OpenFlow – Can It Scale?

OpenFlow Scale

The real question is can OpenFlow be used to build large scalable networks. To answer the question, we need to first understand OpenFlow. The ONF is responsible for the OpenFlow specification which defines the following components:

  • Remote Controller
  • Flow-based Switches
  • Protocol  between the Controller and Switches

The following picture shows the components of an OpenFlow 1.3 switch.

 

Components of an OpenFlow 1.3 Switch

Figure 1 – Components of an OpenFlow Switch

The specification does not specify the number of switches controlled or the proximity of the Switch and Controller. In fact, the specification does not even tell us how to set up flows across a network. These are important points because OpenFlow does not dictate network design.  Rather, it is a tool for enabling SDN (i.e. separation of control and data planes).

OpenFlow detractors like to highlight the following items as reasons OpenFlow doesn’t scale

  • Number of switches managed by a controller
  • Number of flows a switch can support

What’s needed is a review each of these items to determine if they are real issues and, if so, how they can be solved.

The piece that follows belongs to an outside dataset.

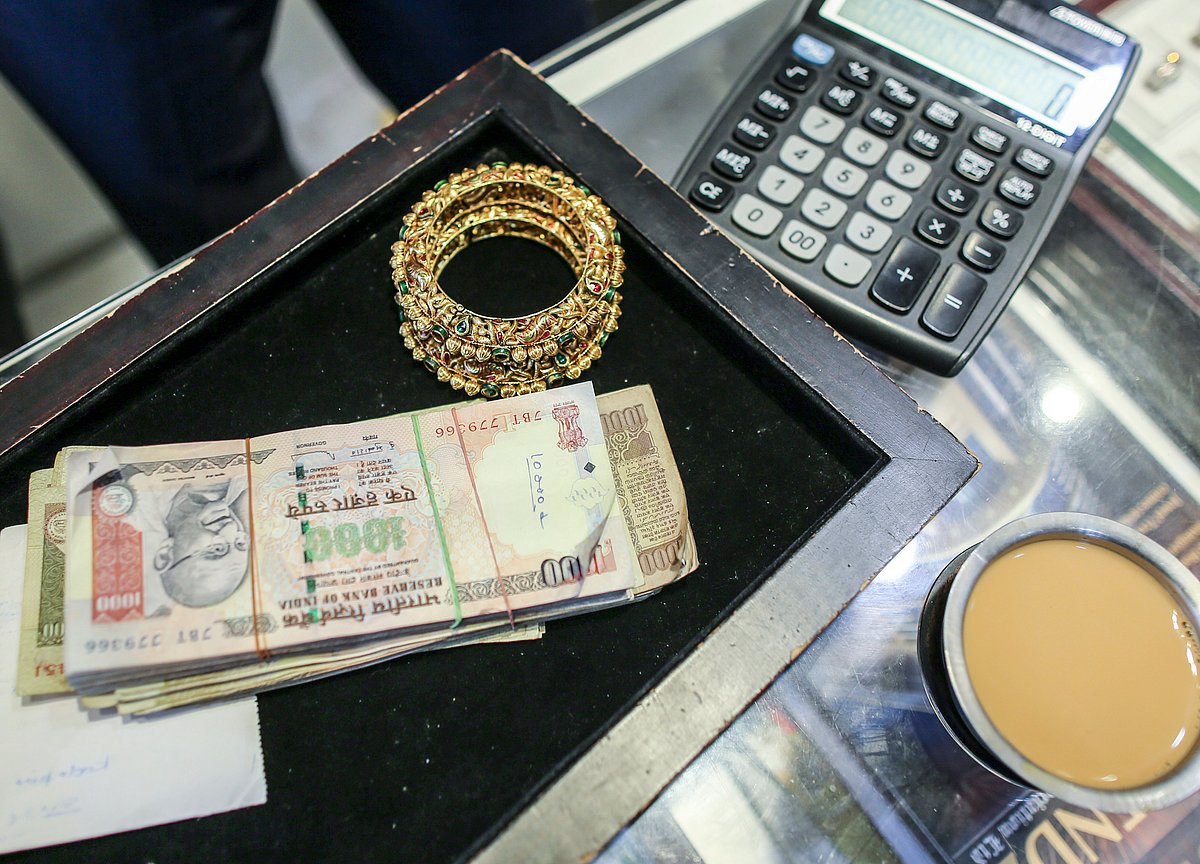 The Beginning Of The End Of The Parallel Economy In India?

Number of switches managed by a controller

 

Switches Managed by a Controller

The number of switches which can be controlled by a single OpenFlow controller is determined by the number of TCP sessions and CPU performance.

Given today’s server architecture, we can realistically expect a server to handle tens of thousands of TCP connections. This indicates a single server could connect with many thousands of switches.  If more connectivity is needed, then additional servers can be added to form a cluster. The number of connections should not be an issue with good connection architecture.

Current generation Intel Xeon class servers have the ability to support 2 or more processor sockets with up to 16 cores per socket, providing massive amounts of processor cycles.  Intel claims a single server can handle 160 million packets per second which translates to 100+ Gbps performance.  This type of performance should be sufficient to cover thousands of switches.  And, when the controller is architected and implemented correctly it will be capable of scaling up as servers are added to the network.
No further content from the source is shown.